Task statement >> Should the listing contain images, exclude them; give the rest again exactly.

Data segment >>
-------

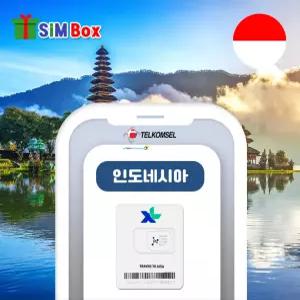 인도네시아유심 유심칩 인천공항 발리 자카르타 데이터 무제한 5일 7일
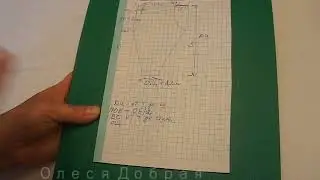 Рейтузы расчет по Вашим меркам.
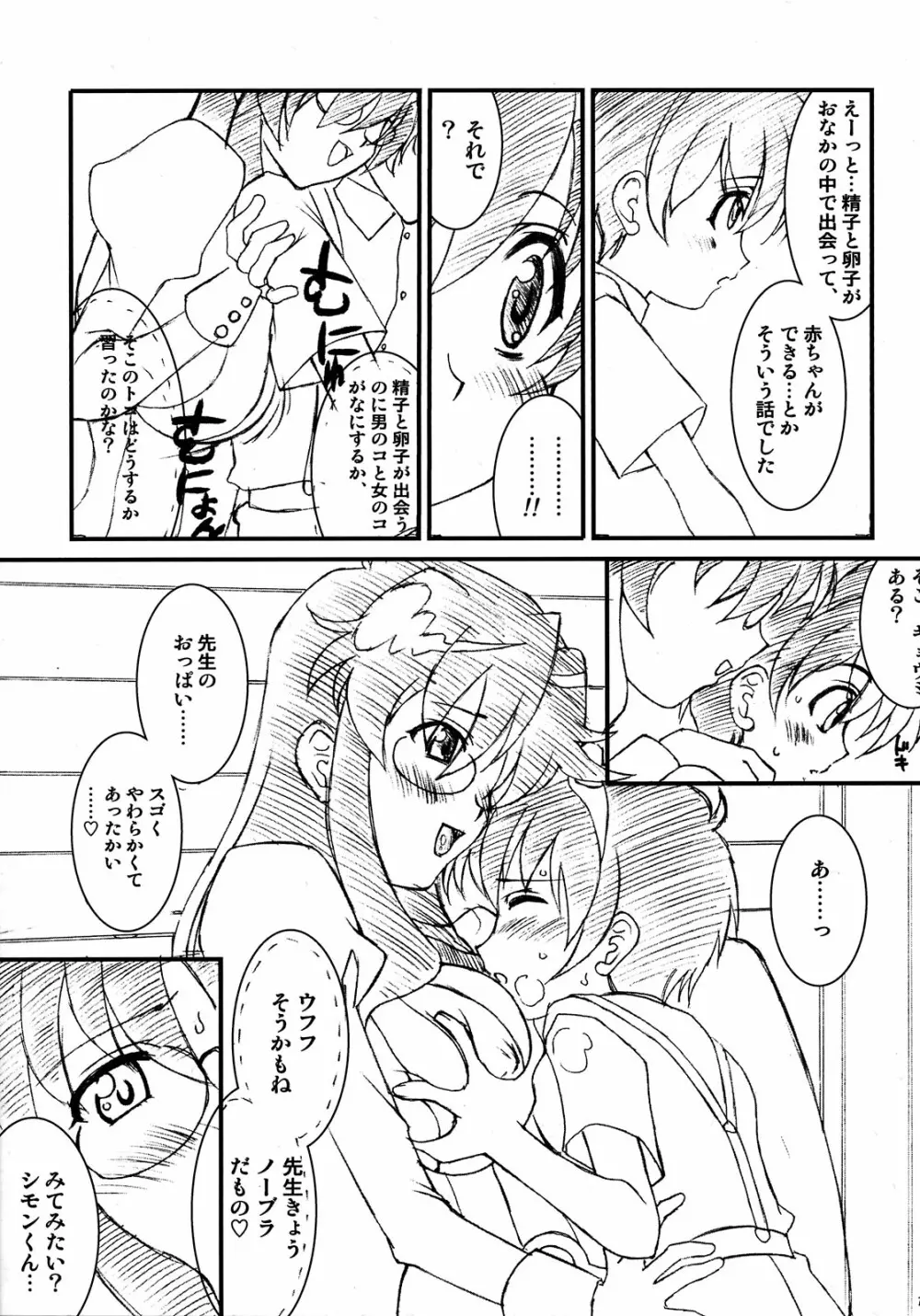 まいどオブリガード Page.12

-------

Task result >>
 인도네시아유심 유심칩 인천공항 발리 자카르타 데이터 무제한 5일 7일
 Рейтузы расчет по Вашим меркам.
 まいどオブリガード Page.12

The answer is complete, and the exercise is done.